Nantucket! Now you are talking. I think the point should be made that Great Salt Pond and the downtown area of Block are both crowded and the rest of the island virtually unpopulated.


----------



## sailstactics (Jul 14, 2003)

I agree, I really don''t have anything against Block Island. It''s just not for me. Ever been to Nantucket ? How ''bout Shelter Island ? We''re planning a trip there in 2 weeks.


----------



## hamiam (Dec 15, 2000)

Ive been to Nantucket a dozen times or so and to Shelter Island 5 or 6 times. What do you want to know?


----------



## sailstactics (Jul 14, 2003)

Where did you cruise from when you went to Nantucket and where did you stop off in between ? Also where did you stay in Nantucket ? We''ve never been there before. What''s the best route ? Anything you can tell me would be helpful.
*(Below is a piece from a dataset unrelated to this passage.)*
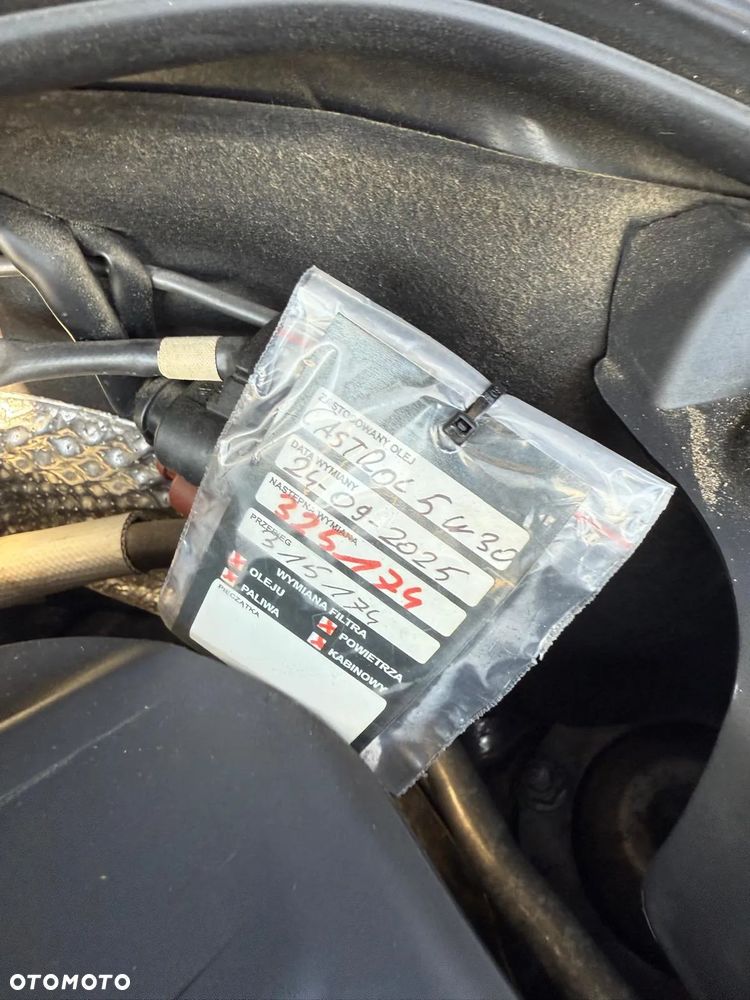 Porsche Cayenne - 19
We''re familiar with Shelter Island, Mattituck, Mystic, Newport, Martha''s Vineyard, etc. Any other places you would recommend for a weekend or week ? I would be interested in hearing them. We''re always looking for good places to sail.


----------



## hamiam (Dec 15, 2000)

We sail out of Newport, RI. Generally, depending on how much time we have, we stop at Cuttyhunk or Tarpon Cove or Hadley''s Harbor (All Elizabeth Islands), or Oak Bluffs or Edgartown on the Vineyard. Given that you are sailing from Guilford, I dont imagine you would be able to make cuttyhunk in the first day so you may want to stop in someplace like Mystic. As for the route, it is all dependant on the tides. (This is easier if you have an Eldrige in front of you.) The tide is quite strong in both Vineyard Haven and in Buzzard''s Bay so you need to pick you route based on when you get there. Oftentimes it is ebbing on one side and flooding on the other. If you can time it right, it will give you quite a push. If you go on the Buzzards Bay side you will need to cut thru one of the "holes" in the Elizabeth Islands (Quicks Hole, Wood''s Hole, etc). If you choose Wood''s Hole study the charts first as it can be tricky to navigate (if you are going from the Buzzard Bay side to the Vineyard Haven side the Black marks will be on your right and the red on your left). As for places to stay on Nantucket you have 3 choices: 1. Anchor Out - free. 2. Get a mooring from Nantucket Mooring Service - about $65/night or 3. Get dock space at the Nantucket Boat Basin - very expensive.


----------



## sailstactics (Jul 14, 2003)

Thanks. I really appreciate the information. I really don''t pay to much attention to the tides because we''re usually sailing the whole day and one way or another we catch both tides. Keep in touch. You can e-mail me direct at [email protected]


----------



## cmendoza (Nov 15, 2002)

Well folks, thanks for all the great advice!
“camaraderie” you were absolutely correct, now that I’ve charted our course, it’s obvious that three days was out of the question… the current itinerary looks as follows:

Day 1: 
Catch the outgoing tide from Haverstraw at 7:30 AM, round the tip of Manhattan sometime around 1:00 PM, catch the incoming tide up the East River and spend the night in Little Bay.

Day 02: Hit Northport Bay around 2:30PM
Day 03: Hit Port Jefferson Harbor around 12:30PM
Day 04: Hit Shelter Island (Coeceles Harbor) around 5:00 PM
Day 05: Shelter Island
Day 06: Hit Block Island around 2:30 PM
Day 07: Block Island
Day 08: Block Island
Day 09: Block Island
Day 10: Block Island
Day 11: Hit Watch Hill, RI around 11:30 PM
Day 12: Hit Guilford Harbor, CT around 4:30 PM
Day 13: Hit Stamford Harbor, CT around 4:30 PM
Day 14: Hit Haverstraw around ?

Bruce, thanks for the tip on the Hudson Cove YC… perhaps we’ll run into each other in Haverstraw.

As always, any further thought and/or advice is greatly appreciated!

Regards,
Carlos


----------



## sailstactics (Jul 14, 2003)

Cmendoza: I notice from your Itinerary that you are planning to hit Guilford Harbor on Day 12 @ 4:30 pm. The Guilford Yacht Club or the town marina ? I don''t think the town marina has any transient slips but I''m not sure. We belong to the Guilford Yacht Club. It''s much nicer than the town marina and you can reserve a transient slip. Also much easier getting in and out although both channels can be tricky particularily at low tide. Let me know your plans and maybe we can hook up if you plan to stay at the Yacht Club. Great resturants within walking distance of either and Guilford is a beautiful place. The best kept secret on the sound. Just watch for Faulkners Island and turn north to either the East or West rivers depending on your destination.


----------



## hamiam (Dec 15, 2000)

Not sure what your draft is but be careful and get some local knowledge before going into Coecles Harbor as the last time I checked, a sandbar was forming near the entrance.


----------



## camaraderie (May 22, 2002)

Latest issue of Soundings has nice article on where to go and what to see on Shelter Island. Also would recommend a visit to Greenport while you are there as it is a really neat town...Best...GB


----------